Ultimately, Kid Cudi presents: SATTELITE FLIGHT, as well as his last few albums, feels like how I played basketball in elementary school. A few minutes into each game, I would make a basket. Immediately, I’d be so surprised at my own hand-eye coordination that I wouldn’t score again. Man on the Moon: The End of Day was mind-blowing. It was (I think) the best rap album of 2009, even against Tech N9ne’s K.O.D., Jay-Z’s The Blueprint 3, and K’naan’s Troubador. Cudi has, however, never been able to live up to his own success. All of his albums since then have had a couple of good songs, but have seemed unfinished and unsatisfying.

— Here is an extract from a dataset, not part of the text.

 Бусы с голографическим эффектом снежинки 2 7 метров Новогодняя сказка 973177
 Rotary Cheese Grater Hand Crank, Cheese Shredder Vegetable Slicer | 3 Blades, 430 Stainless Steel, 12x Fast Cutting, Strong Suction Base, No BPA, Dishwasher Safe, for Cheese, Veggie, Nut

It is telling that, in Kid Cudi presents: SATTELITE FLIGHT, one of the best songs is “Copernicus Landing,” in which the only word is “Uh,” said approximately 200 times. While, throughout the album, Cudi’s beats and instrumentals are entrancing and impressive, his lyrics are simple, uninspiring, and much less nuanced than those of his early songs. As my grandfather said, “His music does not encourage me to return.” Reading my grandmother’s reviews, I realized that, had I not been introduced to the Cudi in his prime, I would have even fewer good things to say about this album. I can only imagine what a negative impression I would have of his music if this were all I knew of it. I’ve been a Cudi fan for years and I’ve bought every album except this one, but I think this might be the end. What happened to the Cudi I listened to in the back of 10th grade chemistry? It seems like he hit his middle school basketball peak with Man on the Moon: End of Day. Everything since that has been a half-cocked shot from a rapper who vaguely remembers the days when he was nothing but net.